IF problems starting then remove air filters and give a few squirts of ooil into each inlet and thren crank over decompressed before starting.
 
These engines will normally start as soon as the decompressors are dropped in. Loosen the injector unions when cranking, and there should be loads of fuel showing. Have you pressed down the excess fuel button near the pump before trying to start? Check for compression with the starting handle. As far as I know there is little difference between the MD2B and MD11 apart from the substitution of starter and alternator for the dynastart.
Dave
 
volvo MD2B Engine starting problem

Thinking further about this.. check that the stop/start push/pull lever has been pushed fully back when you last stopped the engine. I get this problem mostly when new crew are asked to stop the engine and don't realise it is not a spring loaded lever that returns it. Hope that's it!!


Ianat182
 
I had the same problems.

First thing is throw away the starting fluid. Engines become addicted to the stuff.

Next be very careful about adding oil to the bores as if you overdo the dose, you will risk a hydraulic lock.

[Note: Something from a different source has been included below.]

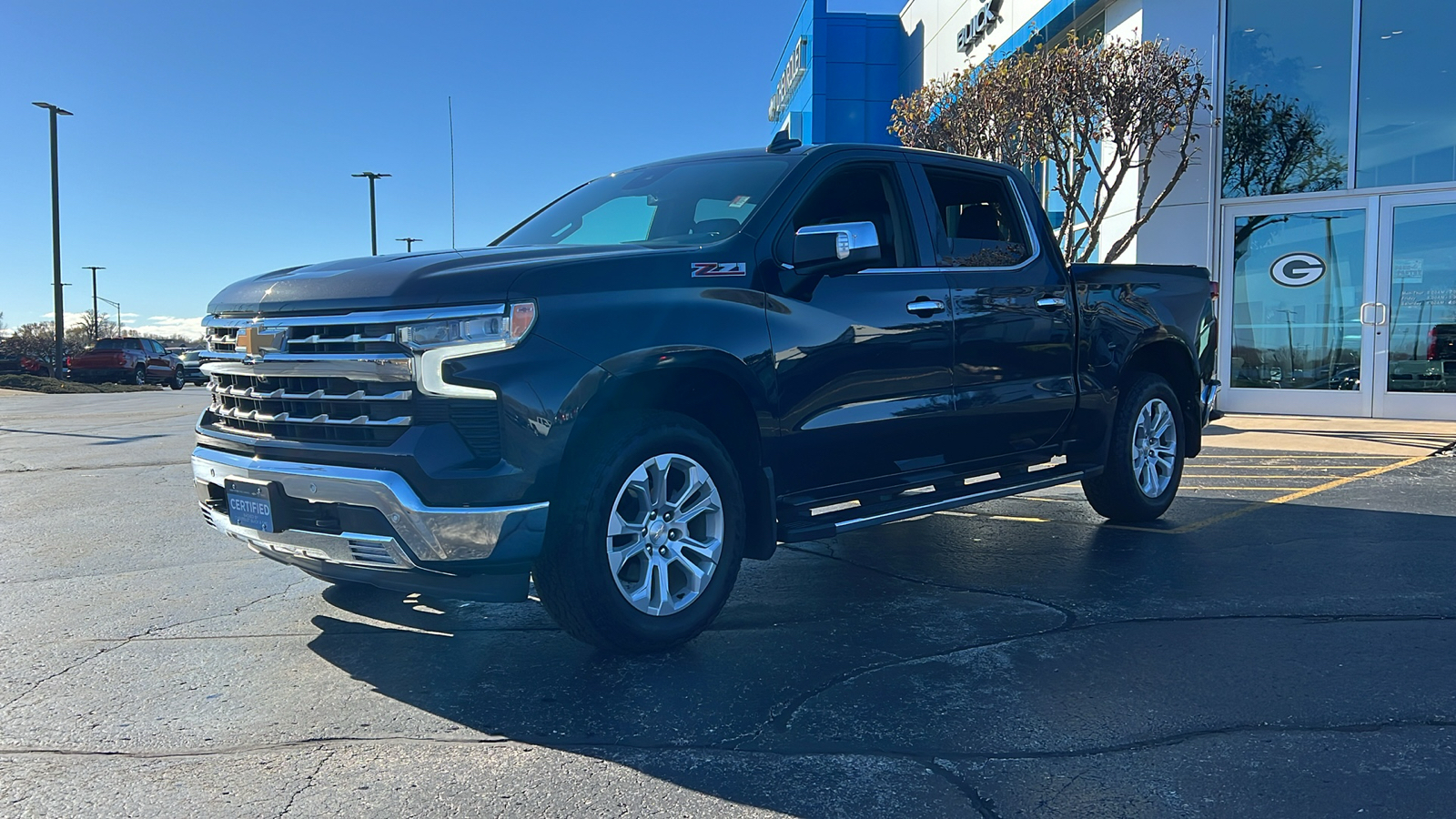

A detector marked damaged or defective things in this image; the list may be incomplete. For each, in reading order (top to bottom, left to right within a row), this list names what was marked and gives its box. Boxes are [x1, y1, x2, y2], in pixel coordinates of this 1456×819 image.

cracked pavement [3, 393, 1456, 810]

When you rebuilt the engine did you use “leads” to measure the compression gap. If you are unsure of what I am referring to, the technique is to feed a small length of solder wire into the injector hole and turn the engine until the solder is compressed. Carefully remove the solder and measure the thickness. If you refer to the following web site you will find a manual for the MD2B http://www.motoren.ath.cx/download.php?filename=volvo/md-1b-2b-3b.pdf which is in Dutch. Somewhere you will find what the compression gap is and the way in which you change the gap is to remove / add shims between the crankcase and the cylinder block.

Before you even try to start the engine make sure that the oil system is primed as these engine have the oil pump quite high off the sump (on the camshaft) and if the engine has seen a lot of hours, then the engine may start but the poor thing will then seize. (mine did) I used a vacuum pump to suck up the oil to one of the oil connects on the head but not sure exactly where)

You say that the fuel lines are fully bled but do it again to make sure that the lines are still free from air.

Press the cold start button at the rear of the engine (small brass mushroom thing) which should stay down and get hold of a hot air gun (paint stripper thing) remove the two air filters and heat up both air intakes for about 5 mins, Now concentrate on one of the intakes and blast in some hot air whilst at the same time cranking the engine with the de-compressors closed (unless you are starting by hand)

The engine WILL fire under these conditions on at least the one cylinder, move the hot air gun to the other cylinder and that should cut in. Keep the hot air on until the engine will run unaided.

Hopefully a carbon ring will start to form round the top of the pistons but you may find that the engine smokes a lot when started. Get the engine under load as soon as you can and if you are afloat at a berth tie the boat securely and run the engine in gear for at least an hour to bed in the pistons at about 1500 rpm.

If you work though these steps you should get the engine running, my engine went on for a further 10 years before the next owner of the boat replaced it due to rust in the water jackets.